Ask AI

Partitions#

An asset definition can represent a collection of partitions that can be tracked and materialized independently. In many ways, each partition functions like its own mini-asset, but they all share a common materialization function and dependencies. Typically, each partition will correspond to a separate file, or a slice of a table in a database.

Consider an online store's order data.
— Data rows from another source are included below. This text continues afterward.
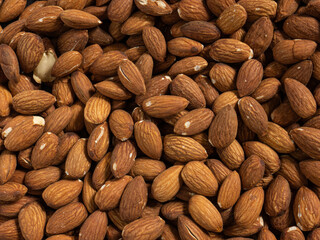 almond in black plate on wood table for food and health  concept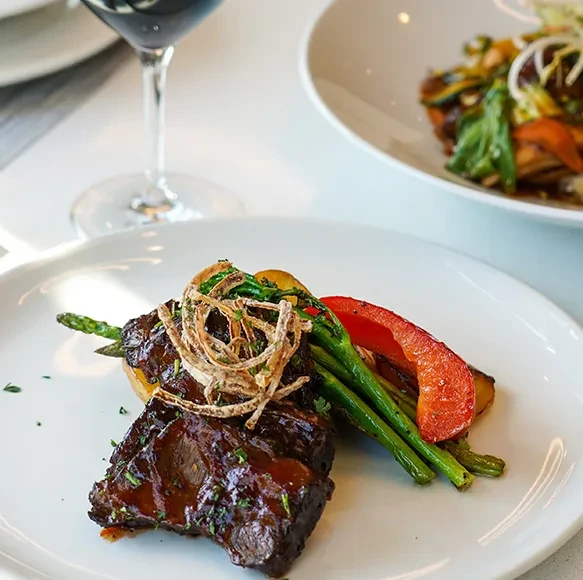 Braised meat, asparagus, potato wedges, and crispy fried onions on a plate.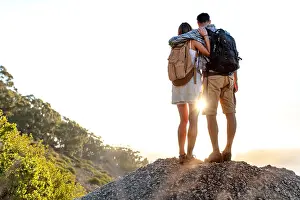 Mountain Peak Prints: Rear view of hiking couple with backpack standing together on hill top enjoying beautiful landscape
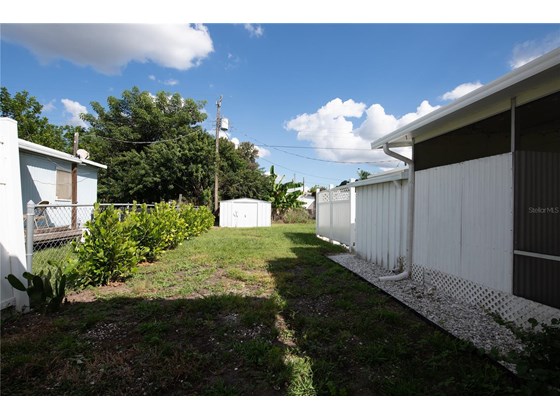 Side of house - Single Family Home for sale at 104 Portia St N, Nokomis, FL 34275 - MLS Number is A4514916
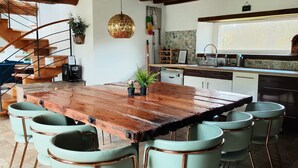 Une cuisine rustique avec une table en bois et des chaises vertes, un escalier et un mur recouvert de carreaux.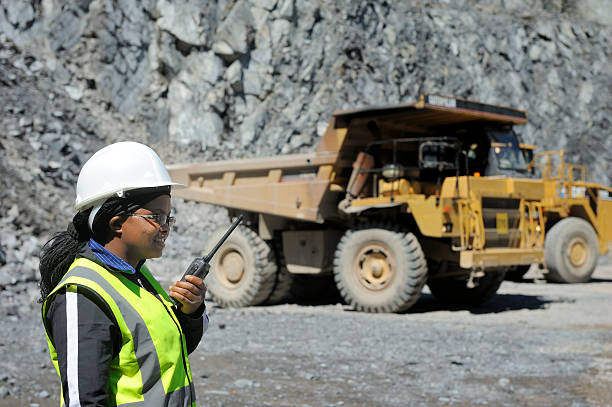 Female mine official oversees work stock photo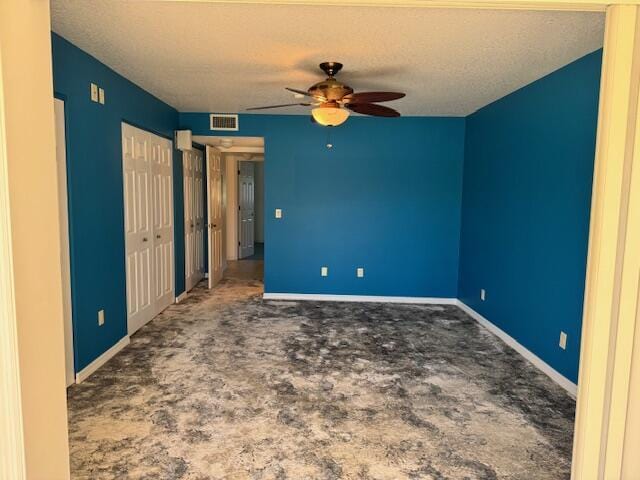 unfurnished bedroom featuring carpet flooring, baseboards, visible vents, and a textured ceiling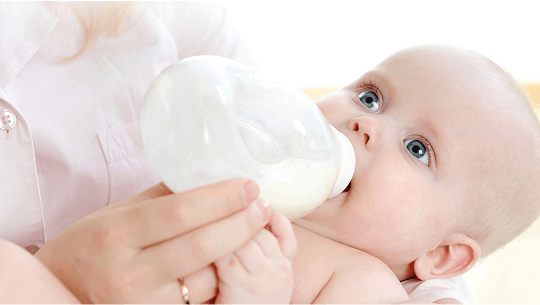 Baby being fed using a baby bottle image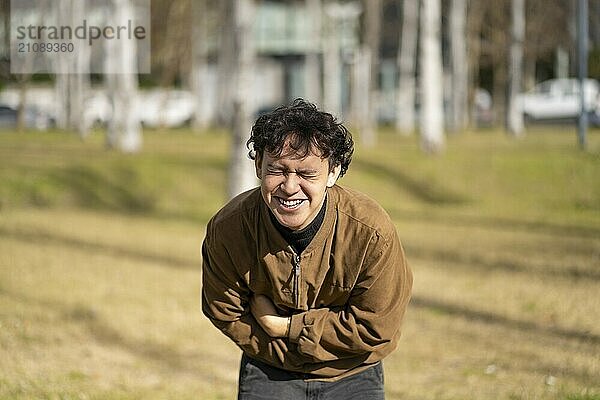 Young latin man falling about laughing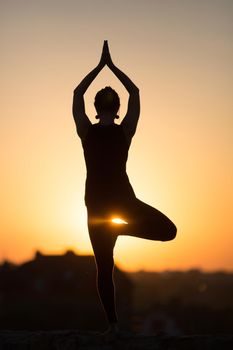 Silhouette of woman doing yoga over orange sun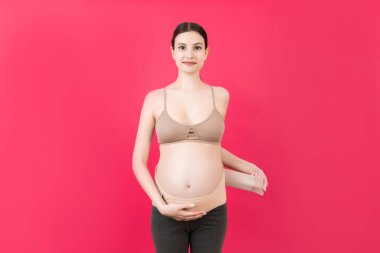 Pembe arka planda ağrıyı azaltmak için ortopedik bandaj giyen hamile kadının portresi. Ortopedik abdominal destek kemeri kavramı.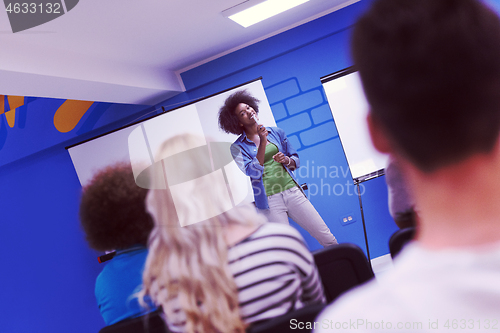 Image of Black woman Speaker Seminar Corporate Business Meeting Concept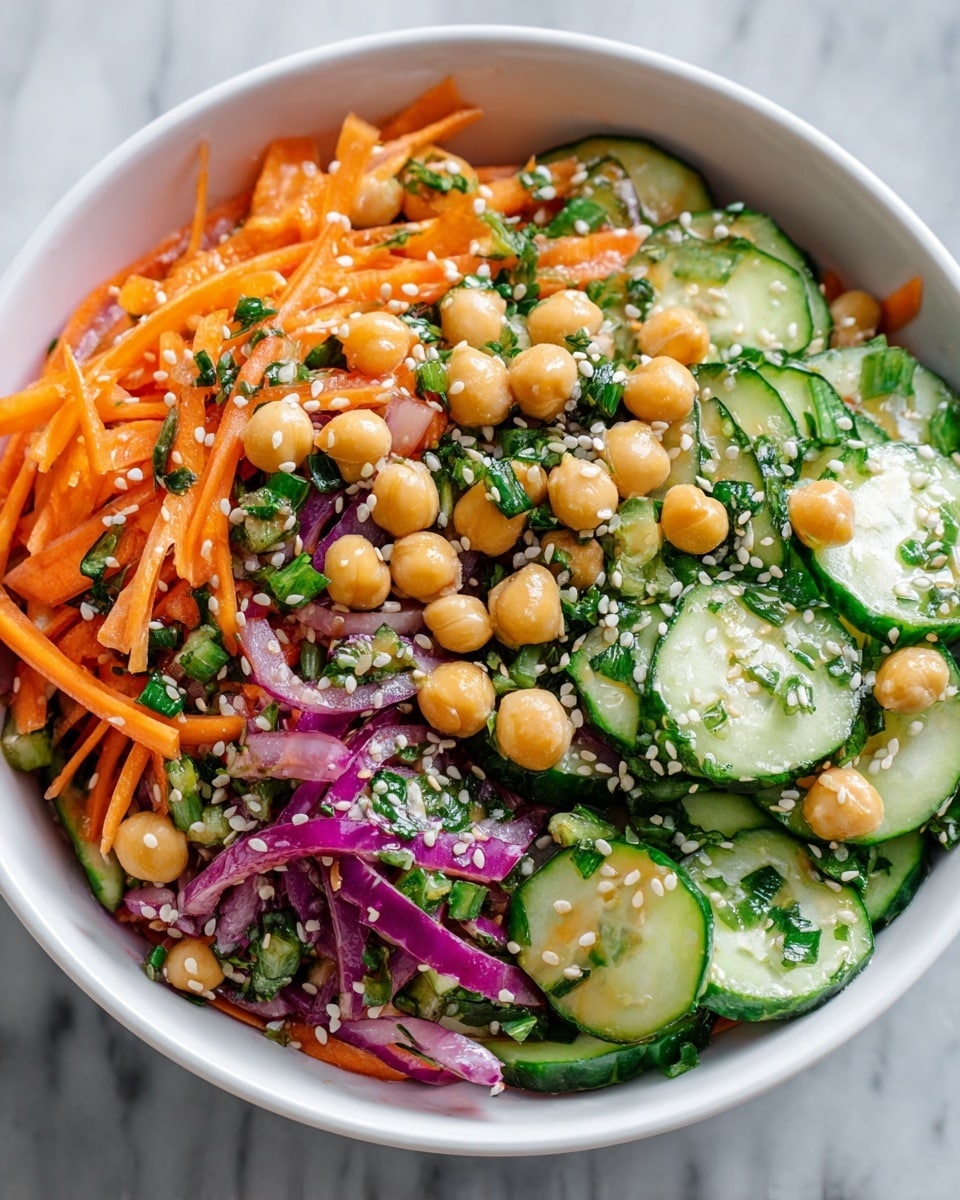 A close-up view of a fresh salad in a white bowl with three main layers: the base layer is made of green cucumber slices with dark green edges and pale wet centers, mixed with shredded bright orange carrot strips; the middle layer includes scattered light golden chickpeas that look glossy and soft; the top layer is sprinkled with thin slices of purple red onion and tiny white sesame seeds, all mixed with bits of green cilantro leaves, creating a colorful, textured appearance on a white marbled surface. photo taken with an iphone --ar 4:5 --v 7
In a database, the order data might be stored as a single orders table, which contains multiple days' worth of orders. However, if the data were ingested into Amazon Web Services (AWS) S3 as parquet files, you could create a new parquet file per day or partition.


Benefits#

Using partitions provides the following benefits:

  • Cost efficiency: Run only the data that’s needed and gain granular control over slices. For example, storing recent orders in hot storage and older orders in cheaper, cold storage.
  • Speed up compute: Divide large datasets into smaller, more manageable parts to speed up queries.
  • Scalability: As data grows, distribute it across multiple servers or storage systems or run multiple partitions at a time in parallel.
  • Concurrent processing: Boost computational speed with parallel processing, significantly reducing the time and cost of data processing tasks.
  • Speed up debugging: Test on an individual partition before trying to run larger ranges of data.

Uses#

Partitions are supported for both asset definitions and ops, but how each concept is used is unique. Refer to the following documentation for more info:

With partitions, you can:

  • View runs by partition in the Dagster UI
  • Define a schedule that fills in a partition each time it runs. For example, a job might run each day and process the data that arrived during the previous day.
  • Launch backfills, which are sets of runs that each process a different partition. For example, after making a code change, you might want to run your job on all partitions instead of just one of them.